Aalto University, Espoo, 00076, Finland.
University of Helsinki, Helsinki, 00014, Finland.
BMC Med Inform Decis Mak. 2024 Jun 14;24(1):167. doi: 10.1186/s12911-024-02563-7.
Consider a setting where multiple parties holding sensitive data aim to collaboratively learn population level statistics, but pooling the sensitive data sets is not possible due to privacy concerns and parties are unable to engage in centrally coordinated joint computation. We study the feasibility of combining privacy preserving synthetic data sets in place of the original data for collaborative learning on real-world health data from the UK Biobank.
We perform an empirical evaluation based on an existing prospective cohort study from the literature. Multiple parties were simulated by splitting the UK Biobank cohort along assessment centers, for which we generate synthetic data using differentially private generative modelling techniques. We then apply the original study's Poisson regression analysis on the combined synthetic data sets and evaluate the effects of 1) the size of local data set, 2) the number of participating parties, and 3) local shifts in distributions, on the obtained likelihood scores.

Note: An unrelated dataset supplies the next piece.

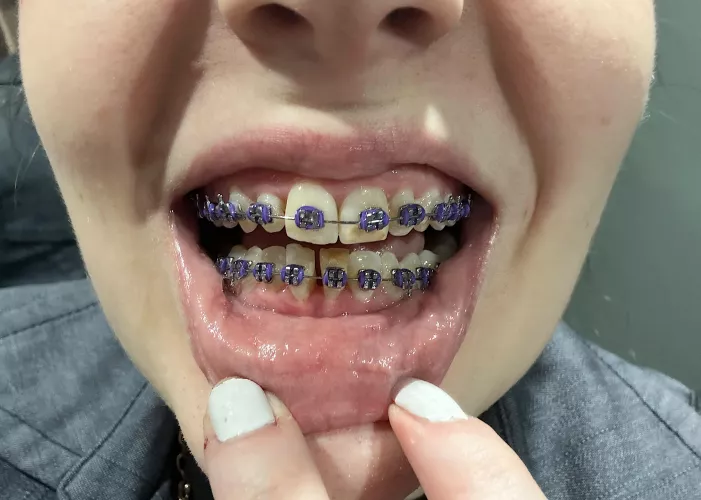 Thread to show my progress: 2 months and purple :3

We discover that parties engaging in the collaborative learning via shared synthetic data obtain more accurate estimates of the regression parameters compared to using only their local data. This finding extends to the difficult case of small heterogeneous data sets. Furthermore, the more parties participate, the larger and more consistent the improvements become up to a certain limit. Finally, we find that data sharing can especially help parties whose data contain underrepresented groups to perform better-adjusted analysis for said groups.
Based on our results we conclude that sharing of synthetic data is a viable method for enabling learning from sensitive data without violating privacy constraints even if individual data sets are small or do not represent the overall population well. Lack of access to distributed sensitive data is often a bottleneck in biomedical research, which our study shows can be alleviated with privacy-preserving collaborative learning methods.
考虑这样一种场景,多个持有敏感数据的方旨在合作学习人群级别的统计数据,但由于隐私问题,他们无法合并敏感数据集,并且各方也无法进行集中协调的联合计算。我们研究了在英国生物库的真实健康数据上进行协作学习时,用隐私保护的合成数据集代替原始数据的可行性。
我们基于文献中的一项现有前瞻性队列研究进行实证评估。通过沿着评估中心拆分英国生物库队列来模拟多方,我们使用差分隐私生成建模技术生成合成数据。然后,我们将原始研究的泊松回归分析应用于联合合成数据集,并评估以下因素的影响:1)本地数据集的大小;2)参与方的数量;3)局部分布的偏移,对获得的似然评分的影响。
我们发现,与仅使用本地数据相比,通过共享合成数据进行协作学习的各方可以获得更准确的回归参数估计。这一发现适用于小且异构数据集的困难情况。此外,参与方越多,改进就越大,一致性也越高,直到达到一定的极限。最后,我们发现数据共享特别有助于那些数据中包含代表性不足的群体的方,使他们能够为这些群体进行更好的调整分析。
根据我们的结果,我们得出结论,即使单个数据集较小或不能很好地代表总体人群,共享合成数据也是一种可行的方法,可以在不违反隐私约束的情况下从敏感数据中进行学习。分布式敏感数据的缺乏往往是生物医学研究的一个瓶颈,我们的研究表明,隐私保护的协作学习方法可以缓解这一问题。